→ **MATERIAL FOR THIS EXERCISE**:
>>>>>
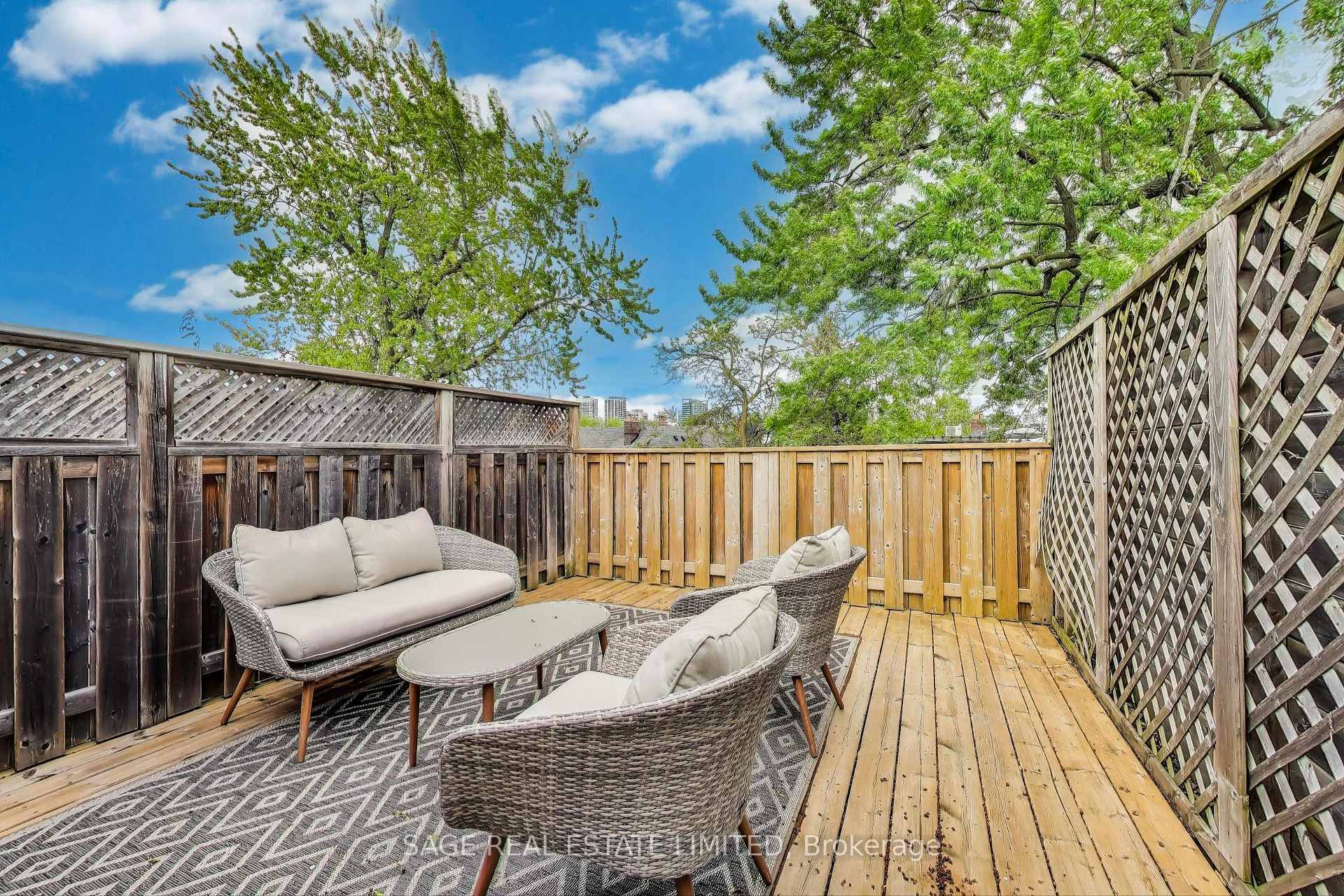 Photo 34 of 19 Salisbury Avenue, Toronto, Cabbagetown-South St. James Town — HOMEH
<<<<<
>>>>>
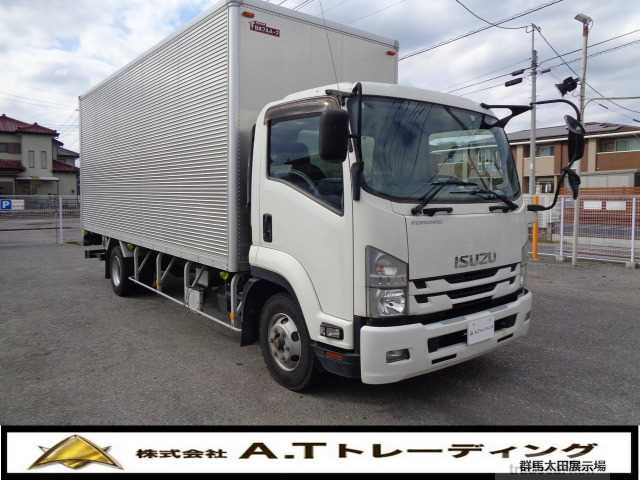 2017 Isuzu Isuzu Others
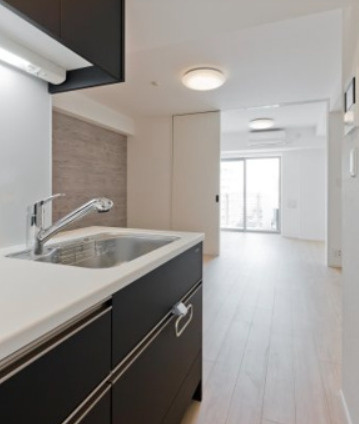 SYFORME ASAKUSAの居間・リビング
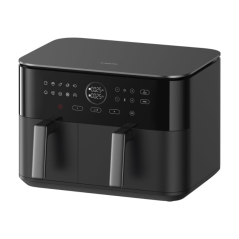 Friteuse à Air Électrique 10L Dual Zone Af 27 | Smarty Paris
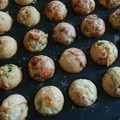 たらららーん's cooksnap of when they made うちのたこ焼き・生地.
<<<<<
>>>>>
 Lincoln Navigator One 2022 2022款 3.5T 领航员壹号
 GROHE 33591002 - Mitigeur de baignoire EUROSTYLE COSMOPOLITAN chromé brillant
<<<<<
Please give again the lines above between the line holding "Lincoln Navigator One 2022 2022款 3.5T 领航员壹号" and the line holding "GROHE 33591002 - Mitigeur", inclusive, exactly as they are and with nothing added.

→ **RESPONSE BOX**:
 Lincoln Navigator One 2022 2022款 3.5T 领航员壹号
 GROHE 33591002 - Mitigeur de baignoire EUROSTYLE COSMOPOLITAN chromé brillant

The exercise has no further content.